Sphider is a php web app with a MySQL backend. Sphider will crawl a site, including external links if necessary, and generate a profile of each page. Sphider is also a search engine and web front-end with some nice features like spelling suggestions, word completion a boolean logic.

Go ahead, try it

It’s blazing fast and I think the results are much better than either Google or DuckDuckGo.

Sphider is also ridiculously easy to install and configure.

Installation

The Documentation doesn’t lie. It’s as simple as it looks. Here’s how I did it.

  1. I created a new sub-domain named “search.macdrifter.com”
  2. I added a new PHP app on the domain
  3. I dragged the Sphider files into the new web app directory on my host using Coda 2.
  4. Using phpMySQL Admin I created a nice, new, clean database for the site.
  5. I edited the database.php file to add my DB connection settings.
  6. I visited the install page on the site to have Sphider setup the DB
  7. Using the Sphider admin page, I configured the crawler to crawl Macdrifter.com
  8. I smoothed off the edges of the design and automation

Since I am using a subdomain, I configured Sphider to crawl the main site but to skip some directories that would clutter results. The exclusion list can include regex but this works well for me:

:::text
/uploads/
/tag/
/category/
/author/
http://www.macdrifter.com/tags.html 
www.macdrifter.com/index

I want to avoid duplicate results from summary pages like “tags” and “author” pages. I also don’t want the index pages to show up.

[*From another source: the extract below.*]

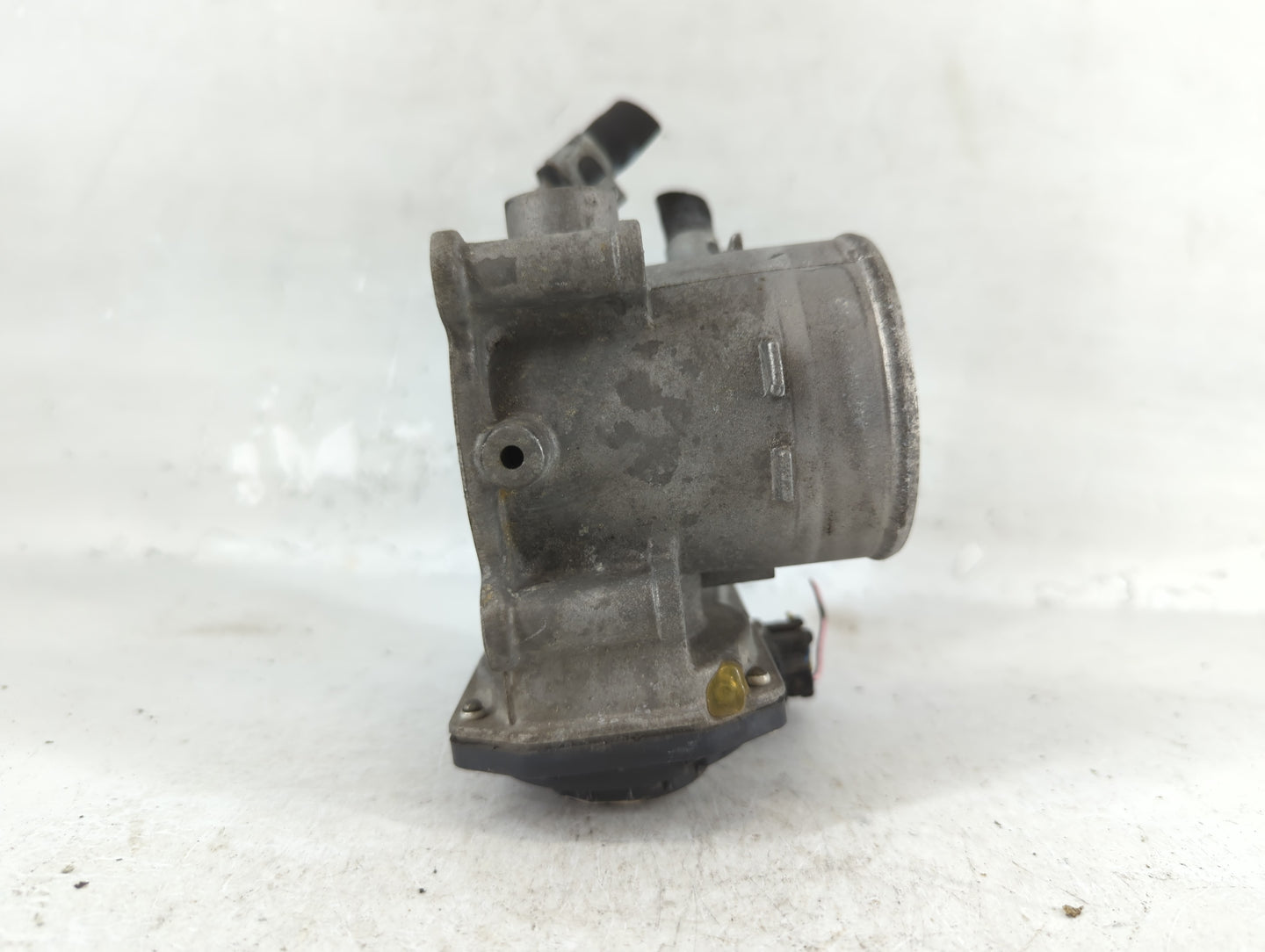 2014-2016 Kia Forte Throttle Body P/N:35100-2E400 Fits Fits 2012 2013 2014 2015 2016 2018 2019 2020 2021 OEM Used Auto Parts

I don’t want search engines crawling my search engine because it might create Inception-like dream worlds. I simply created a new robots.txt file for the Sphider web app:

:::text
User-agent: *
Disallow: /

I also added an htaccess file to redirect the main url to the advanced search form:

:::text
DirectoryIndex search.php

Reindexing

This was a trick for me. I want the site to reindex throughout the day. Luckily Sphider can be called from the command line with a number of useful parameters. But there’s a catch. Parameters in the command line overwrite the stored parameters in the admin console. That doesn’t matter much for me. I include everything I need in one command.

I setup a cron job to run every 5 minutes throughout the day to reindex the site. Indexing is very fast. However, since a Pelican site is regenerated every time a new post is added, Sphider is completely rebuilding the index every time it runs. It still only takes a few seconds.

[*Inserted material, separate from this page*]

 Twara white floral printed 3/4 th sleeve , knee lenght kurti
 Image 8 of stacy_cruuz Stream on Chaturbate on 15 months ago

Here’s the cron line I added:

:::text
*/10 * * * * cd ~/webapps/sphyder/admin && php spider.php -u http://www.macdrifter.com -r -f -n '/uploads/\n/tag/\n/category/\n/author/\nhttp://www.macdrifter.com/tags.html\nwww.macdrifter.com/index'

Notice that I have included the exclusion directories right in the command. I also needed to change directory for some reason. The spider.php command fails every other way I tried from cron. It works from the command line at the shell, but not in cron. I’d love to hear a better solution.

Doing it with Style

The basic Sphider installation is plain. It looks like Google, which is ugly. It’s easy to touch up Sphider. I edited the css file in the /sphider/template/standard directory. I also modified the header.html file in the same location.

Conclusion

Right now, I’m very happy with the new search option. There are no ads, no tracking cookies and most important, the results are very accurate. I also like that I have complete control over the presentation layout and styling. Sphider provides access to keyword weighting which will allow me to adjust how top result ranking is determined. I haven’t needed to adjust it yet. I still have a couple more tweaks to apply but it looks consistent. The entire process from beginning to end required about an hour of my time and that includes tweaking CSS.